### THE TASK
Exactly as written, set down each line of the data below except its pictures.

### DATASET EXTRACT
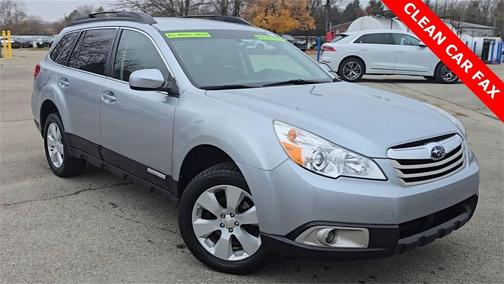 2012 Subaru Outback 2.5i Premium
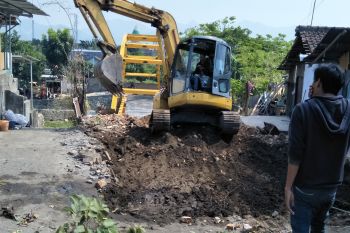 Pemkot Mataram siapkan lanjutan pembangunan di alan pinggir Jangkuk
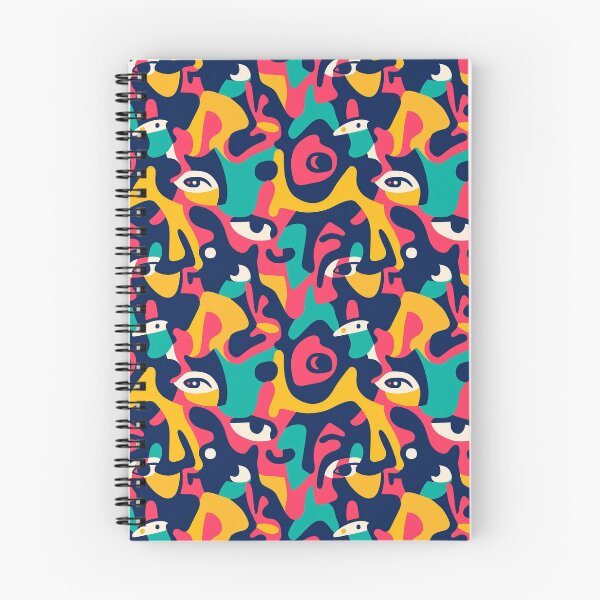 Item preview, Hypnotic Pattern of the Mind designed and sold by MidArtForge.
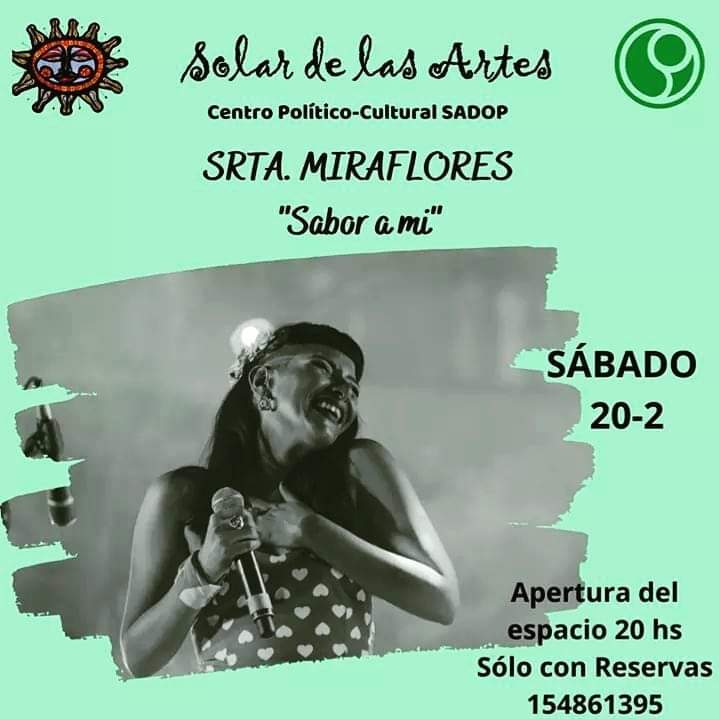 19/2 - AMANDICIA & LA  BRILLANTE en Demos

### FINAL ANSWER
 2012 Subaru Outback 2.5i Premium
 Pemkot Mataram siapkan lanjutan pembangunan di alan pinggir Jangkuk
 Item preview, Hypnotic Pattern of the Mind designed and sold by MidArtForge.
 19/2 - AMANDICIA & LA  BRILLANTE en Demos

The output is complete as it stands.